Recycling cotton isn’t new—if you take an old pair of jeans to Madewell, for example, they’ll donate them to Habitat for Humanity or another organization for recycling as housing insulation. But making old fabric into new yarn strong enough to be remade into clothing is a much harder challenge. Mechanical recycling, or chopping up fabric into smaller pieces, weakens it. Evrnu’s process uses a chemical process instead. “We’re breaking these materials down to their polymer form and building them back up,” Flynn says. Garment waste is turned into a pulp, liquified, and then pushed out of a 3D-printer-like extruder to form new yarn.
The new hoodie, made from a blend of the new yarn and organic cotton, uses fabric with a complex jacquard knit. “It’s demonstrating that not only can we salvage these resources from going into landfills or incinerators, but we can actually create higher performing material than the materials may have been in their original form,” Flynn says.
The startup, founded in 2014, has been working with brands over the past few years to make early prototypes using its technology. The new collaboration with Adidas is the next step before going to market, as a small collection of 50 hoodies will be given to athletes. Though the company couldn’t share an expected date for brands to start selling clothing made with its technology in stores, Flynn says that it hopes to “get out of prototyping” in 2019. The company doesn’t manufacture fabrics itself but works with brands to develop custom fabrics, then licenses its technology to garment factories.

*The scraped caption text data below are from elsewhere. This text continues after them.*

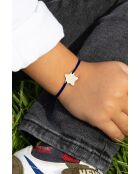 Middernachtblauwe vergulde kinderarmband met ster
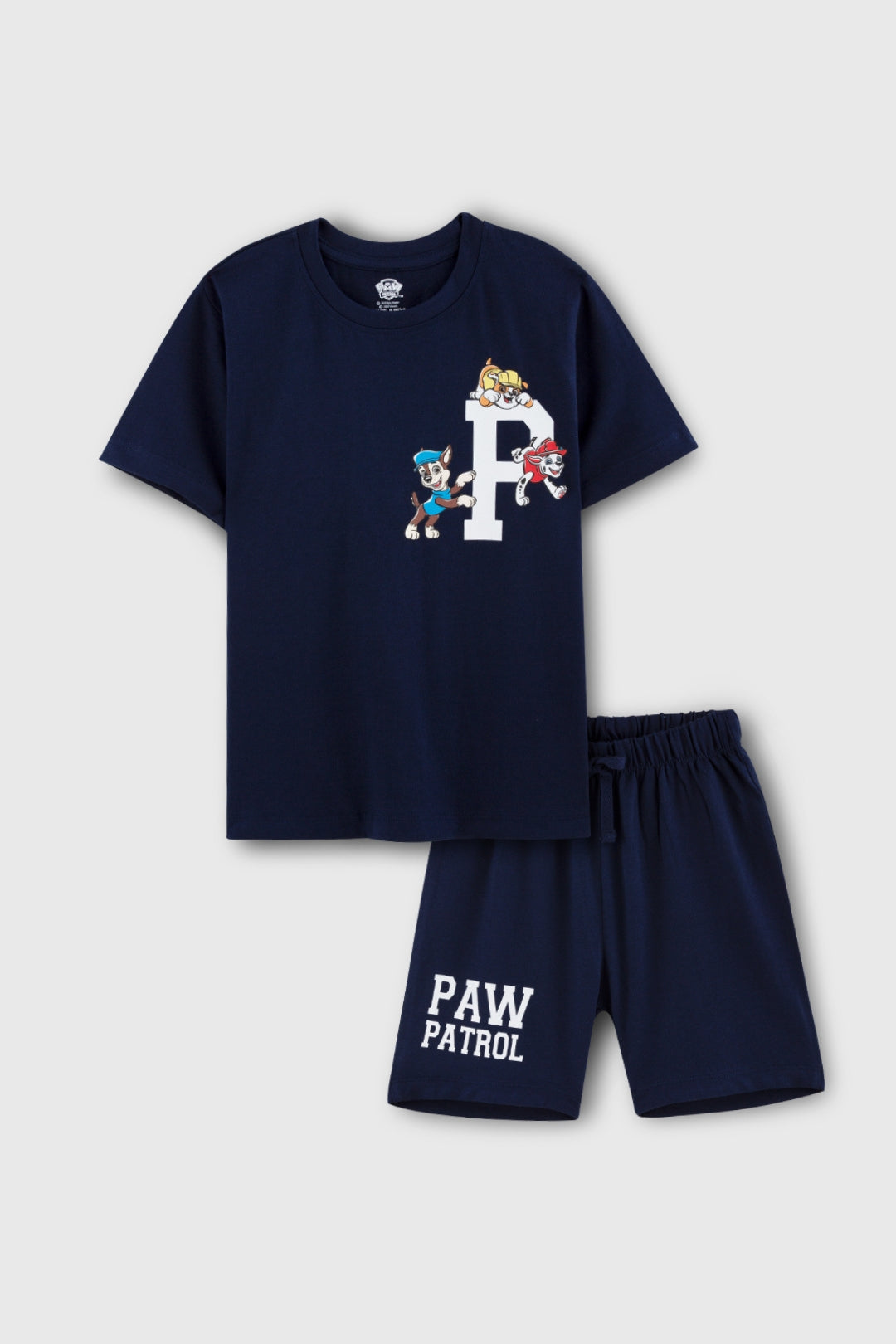 Paw patrol navy boys shorts set
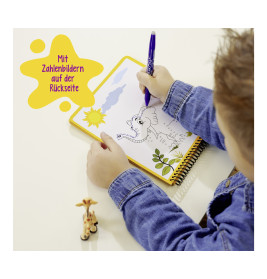 Simba Water Pen Safari Malbuch – Magisch Malen ohne Kleckern (Wiederverwendbar)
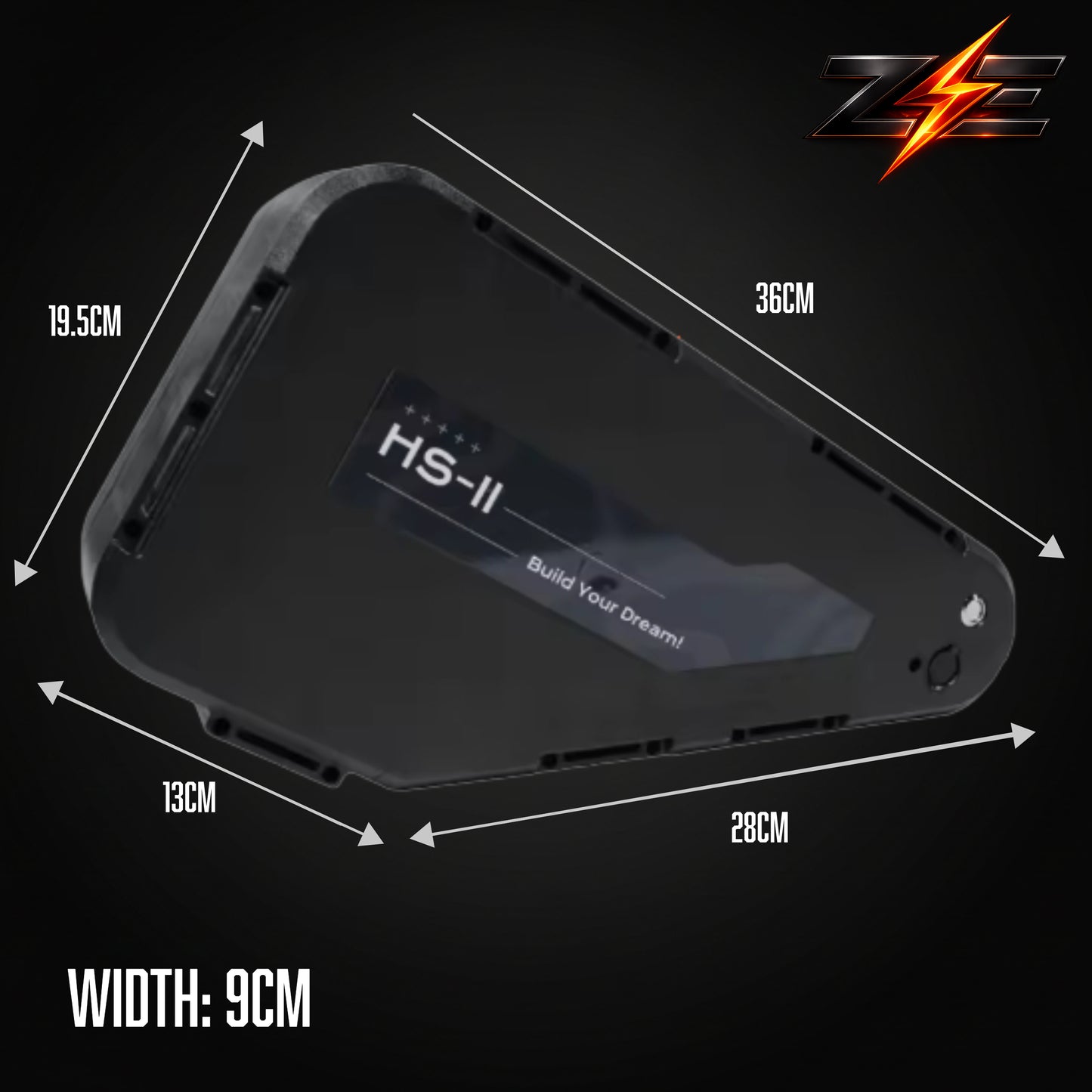 Zyvolt 72V 20Ah Lithium-Ion Triangle Hard-Case E-bike Battery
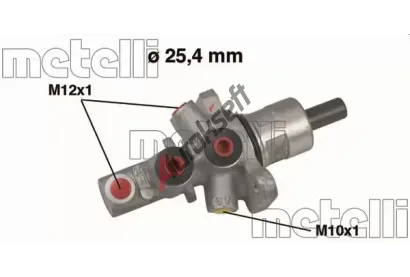 METELLI Hlavní brzdový válec MT 05-0517, 05-0517 METELLI Hlavní brzdový válec MT 05-0517, 05-0517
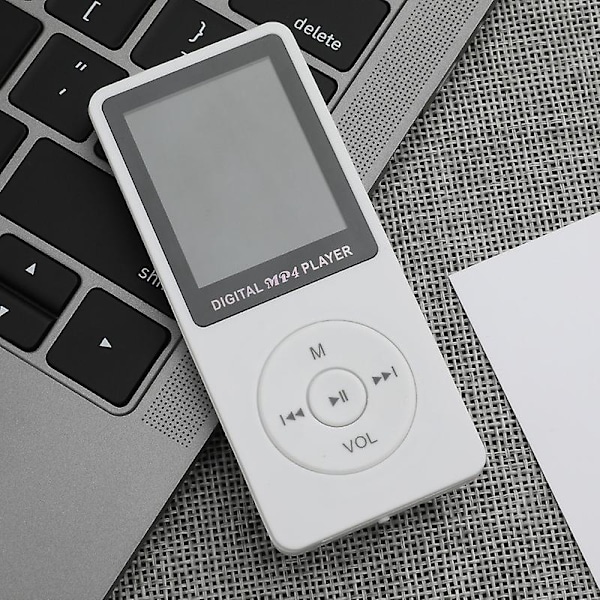 Trolley Plug - And - Play MP4-spelare Mini MP3 Student Walkman 16g Maskinlagring E-bok Inspelningspenna MP4 Vit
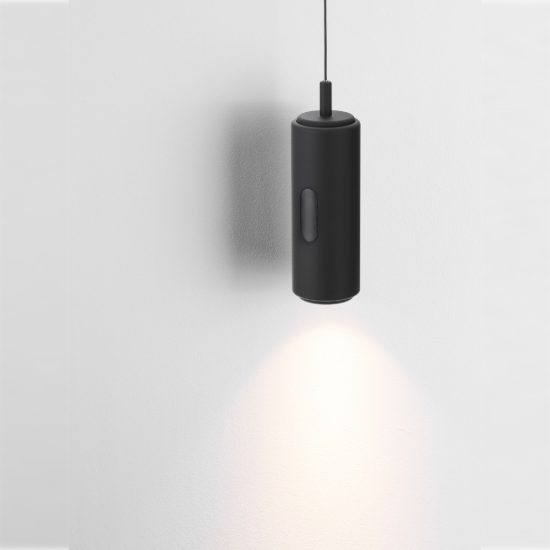 Lampada a sospensione led 12w 3000k dimmerabile con sensore per camera da letto moderna nera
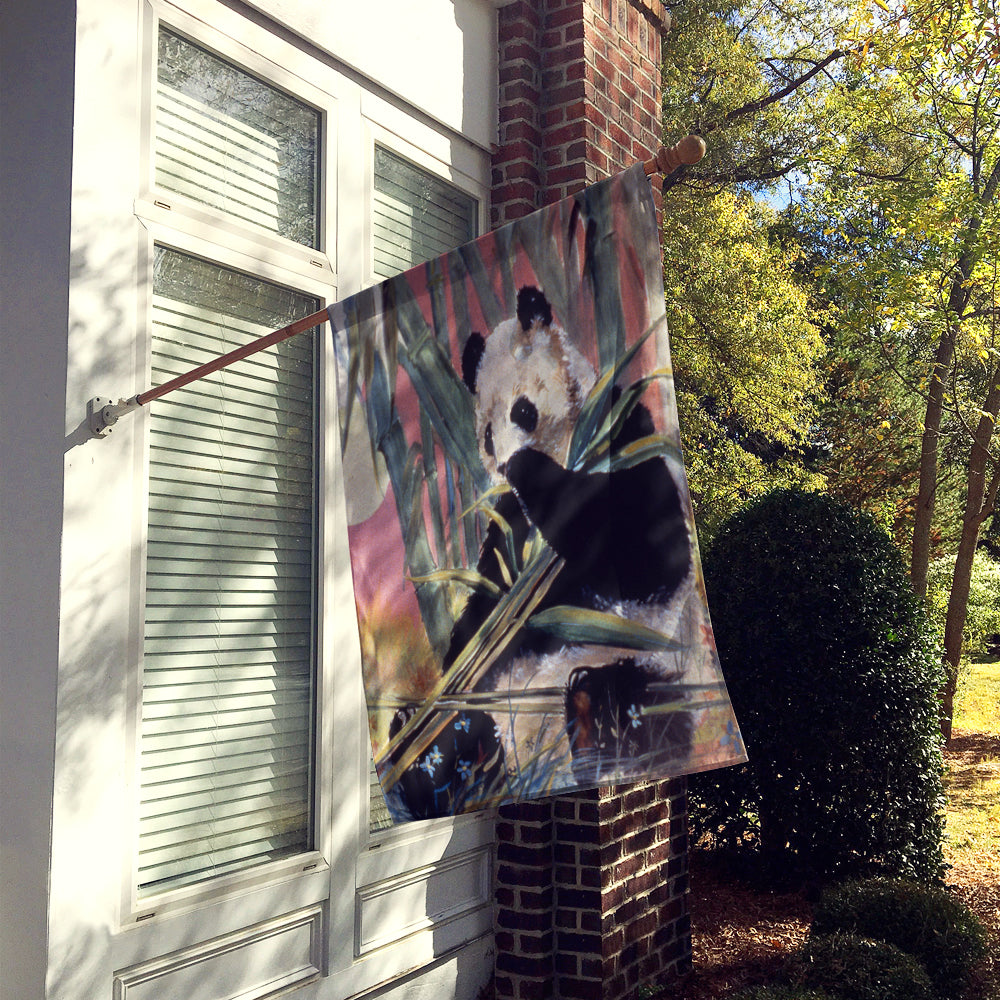 Giant Panda House Flag 28x40 Porch Sleeve Pole Decorative Outside Yard Banner Artwork Wall Hanging, Polyester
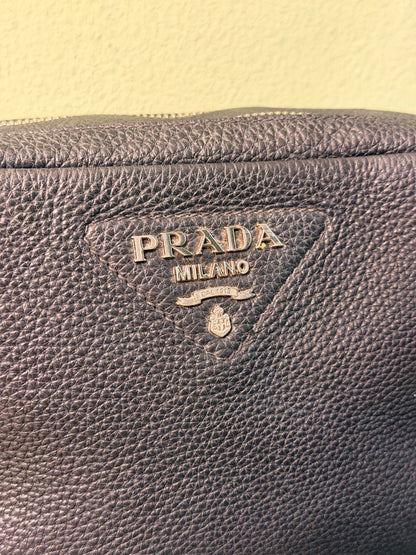PRADA BLACK CERVO CAMERA BAG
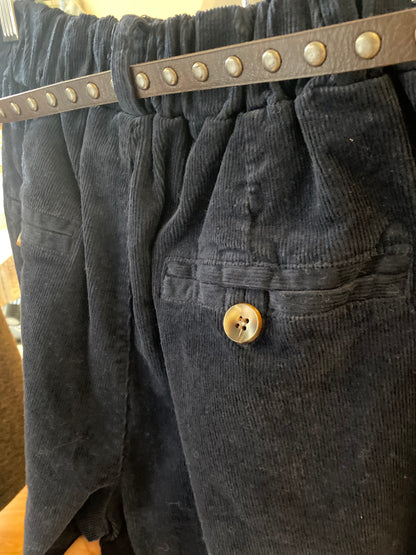 Pantaloni velluto con elastico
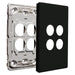 Legrand HPM ED 4 GANG GRID&COVPLATE BLACK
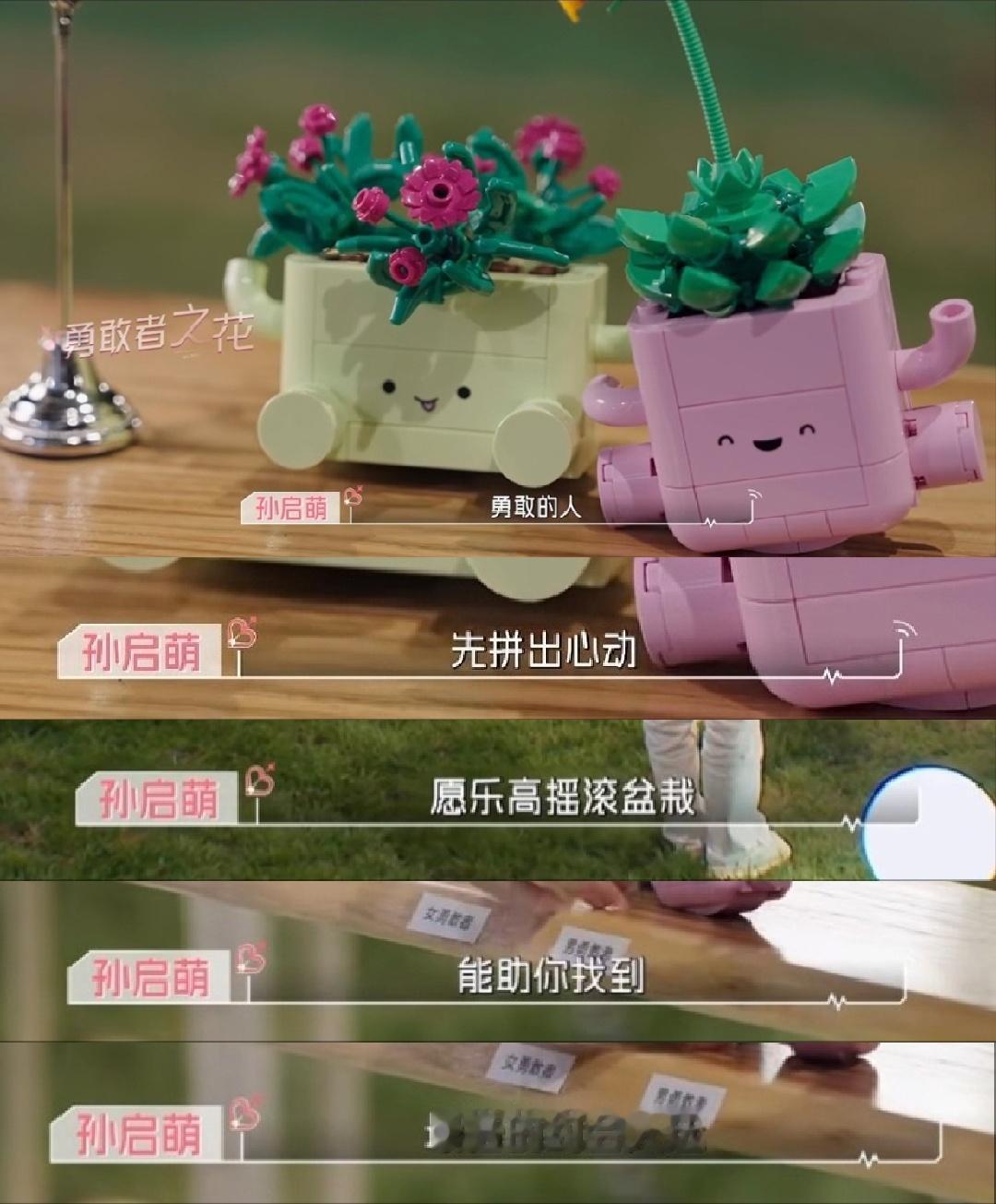混淆了恋爱脑和勇敢爱人这两件事心动的信号9 一盆小小的乐高花，区分开两种截然不同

It’s one of a handful of startups working on similar technologies both to address the issue of clothing being trashed and the challenges of making new materials in the first place—growing cotton, for example, is heavily irrigated in regions that are struggling with water shortages. (The Aral Sea, which was once one of the largest lakes in the world, dried up by 2014 in part because of intensive cotton production nearby.) In landfills, old clothing can release methane, a potent greenhouse gas. Spinnova, a Finnish startup, is working on another process that can fully recycle old clothing. Renewcell, Ambercycle, Worn Again, and others are also working on technology to recycle textiles.
In theory, the fashion industry could operate as a closed loop, though Flynn believes that because demand for clothing is rapidly increasing, traditional production will still be necessary. Recycling clothes could make it possible to fill the gap created by that growing global demand. “Right now, it’s just a one-way street: We’re taking a lot of the resources, but we’re not replenishing at the levels that we need to replenish in order for the foundation of the supply chain to be healthy and thriving into the future,” she says.
For apparel companies, using this type of material is both a way to prepare for potential supply-chain shortages in the future and respond to consumers who want to buy more sustainably produced clothing. Flynn argues that new recycling technology can help tackle the problems created by fast fashion. “If we can rethink how we are leveraging technology, we can actually take a business model like fast fashion and use it as a catalyst for positive environmental and human effect,” she says.